Bukan Penunggu Malam
Saya sempat berpikir bahwa orang biasa begadang itu keren, hal yang jarang saya lakukan.
Saat masih MA (madrasah aliyah) saya punya kebiasaan lekas tidur seusai solat isyak, kalau tidak saya menyalin buku untuk beberapa halaman. Dulu saya sering menulis ulang buku pelajaran bagian materinya, utamanya materi Sejarah Kebudayaan Islam (SKI) dan Kimia. Saya menyalin buku SKI saat masih MTs dan Kimia saat MA. Saya senang melakukannya.
Kebiasaan menyalin ini sejak masih SD. Saat SD guru kelas selalu memberi tugas menulis ulang buku pelajaran dalam kelas, bukan PR. Kami sekelas biasa adu cepat, dengan menggunakan tulisan tegak bersambung.
“Bu, disambung atau tidak?” adalah pertanyaan yang kerap kami lontarkan saat tugas diberikan. Kami menulis, gurunya pergi ke kantor.
Saya sering menang adu cepat dengan teman-teman. Sayangnya, tulisan saya jelek sekali, tulisan (tida) tegak bersambung benar-benar seperti cacing kepanasan di tanah kering. Sulit orang lain membaca tulisan saya.
Saat masuk MTs, saya selalu diledek teman-teman (dalam artian tidak telalu negatif) dan guru karena tulisan saya jelek, salah terjelek dalam kelas. Bila ada teman lain mau menyalin/mencontoh catatan saya, dia akan kesulitan. Dari situlah aku berusaha belajar menulis dengan baik dan rapi dengan menyalin buku-buku pelajaran di rumah, saya berlatih menulis pelan dan bagus, begitu hati-hati untuk membiasakan jari-jari saya.

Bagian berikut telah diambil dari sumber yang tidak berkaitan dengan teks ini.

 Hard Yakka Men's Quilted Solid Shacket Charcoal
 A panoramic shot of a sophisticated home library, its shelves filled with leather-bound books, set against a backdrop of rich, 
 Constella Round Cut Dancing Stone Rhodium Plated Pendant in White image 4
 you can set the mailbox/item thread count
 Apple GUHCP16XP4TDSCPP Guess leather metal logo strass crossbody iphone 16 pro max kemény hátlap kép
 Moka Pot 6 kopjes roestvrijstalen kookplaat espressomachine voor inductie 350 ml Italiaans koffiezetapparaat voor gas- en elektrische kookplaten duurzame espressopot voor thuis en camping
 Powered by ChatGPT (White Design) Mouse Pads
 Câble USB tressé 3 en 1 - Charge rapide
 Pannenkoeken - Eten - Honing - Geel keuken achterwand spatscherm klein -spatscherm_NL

Sebagai anak pesantren (tapi tidak mondok) nyaris setiap malam saya menginap di masjid pesantren. Saat itu, itu adalah hal biasa, bahkan sebagai bentuk kepatuhan/anak rajin: maghrib-isya’ belajar ngaji, sesudah isya’ belajar mandiri/ikut kumpulan remas/tadarusan, subuh belajar ngaji lagi dan bersih-bersih (menyapu masjid dan halamannya).

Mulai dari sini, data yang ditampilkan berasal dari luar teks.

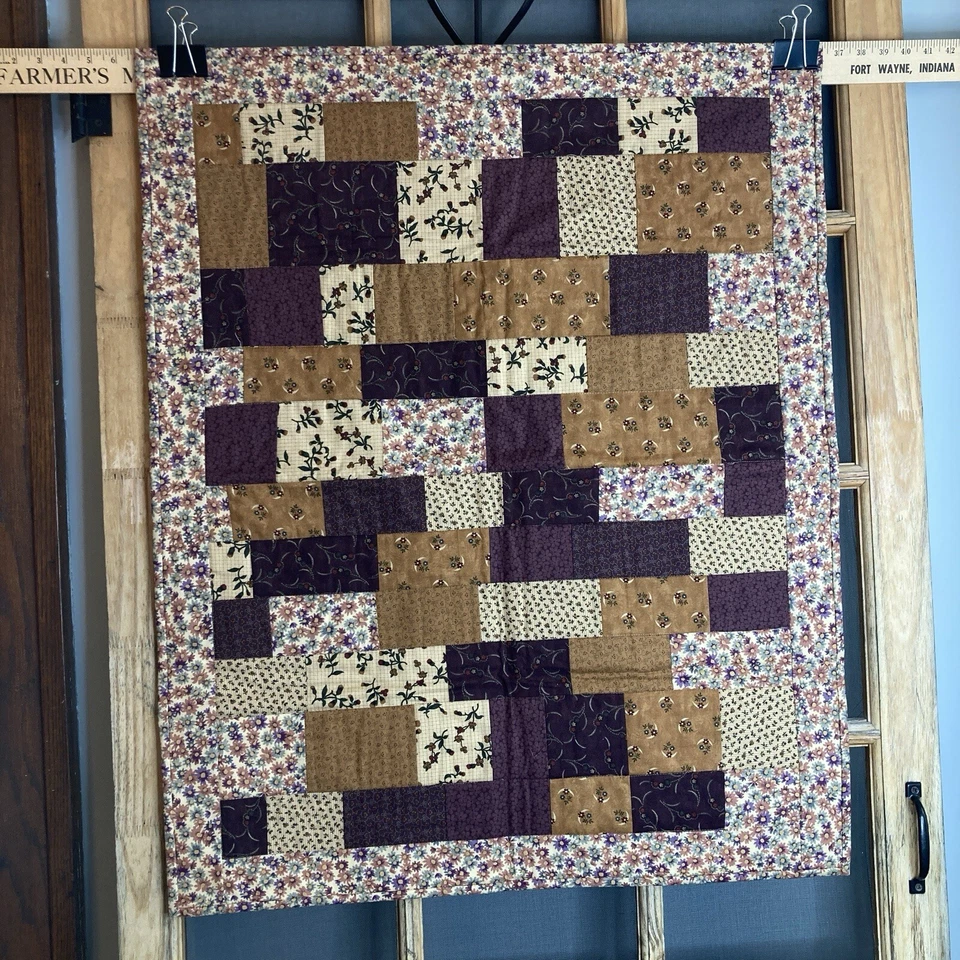 Patchwork Quilted Tablecloth Browns, Floral 29x36, Calico, Handmade - Image 1 of 4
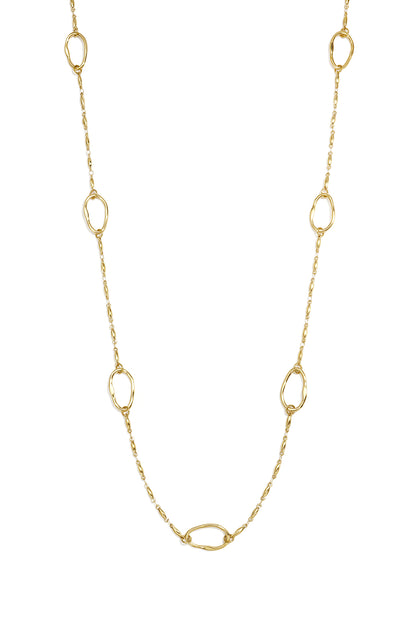 Lange Edelstahlkette in ovaler Form, schlicht, für jeden Tag, Damenschmuck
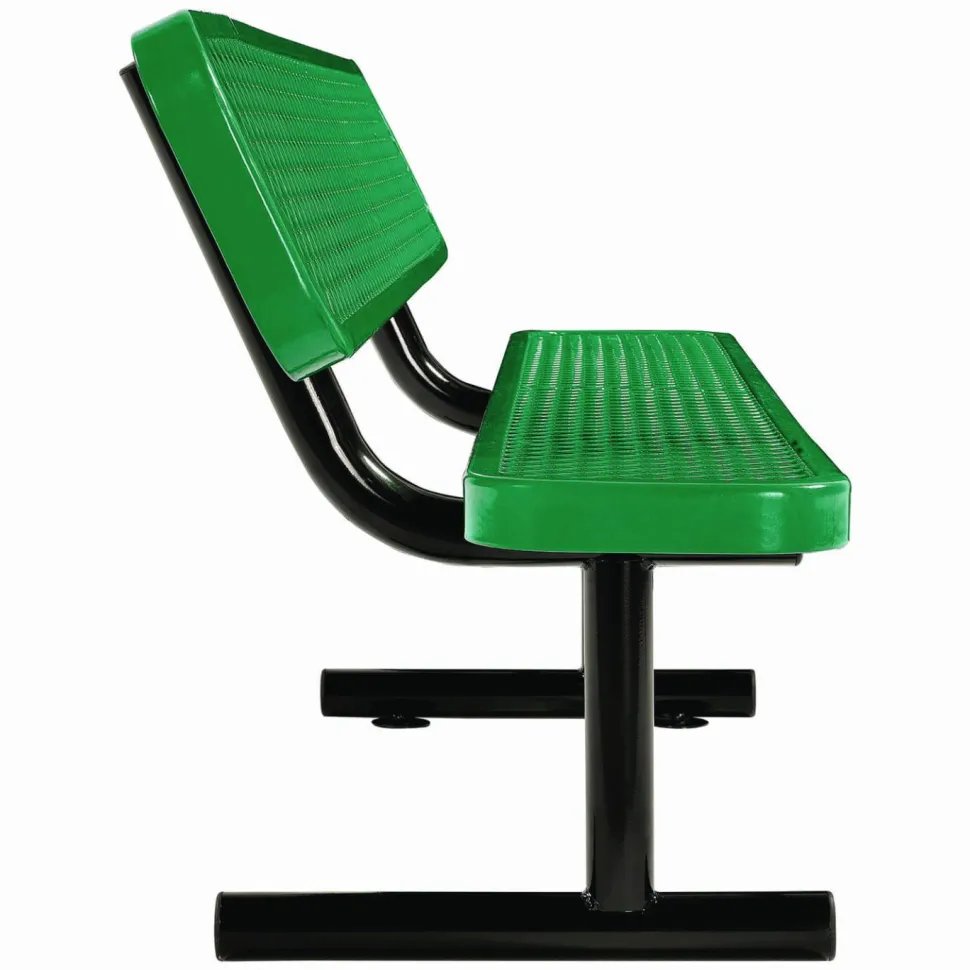 Global Industrial Expanded Steel Bench With Back, 72" x 24" x 33", Green Seat/Back, Black Base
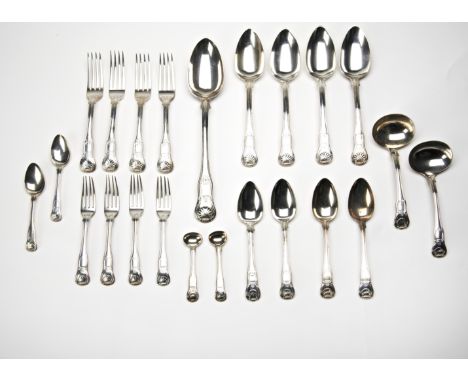GEORGE III SILVER KINGS PATTERN PART FLATWARE SERVICE&nbsp;LONDON, MOSTLY 1784, MAKER&nbsp;comprising a basting spoon4 table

Aktivitas malam saya sejak magrib-subuh seperti itu, begitu monoton, tidak banyak bergaul atau ngombrol dengan teman-teman. Sehabis isyak kalau tidak menulis, saya sering langsung tidur. Saya jadi mudah bangun sebelum subuh, saat kiai hanya berderham atau membunyikan sapu lidi, saya langsung terbangun, tak banyak sandiriwara menggerakkan melemaskan badan.
Siangnya, saya pun jarang mengantuk, bahkan bisa dihitung jari saya tidur di kelas.
Teman-teman saya beberapa kali merasani saya karena saya cepat tidur. Diajak kumpul-kumpul dan ngobrol, bahkan meski mau ditraktir.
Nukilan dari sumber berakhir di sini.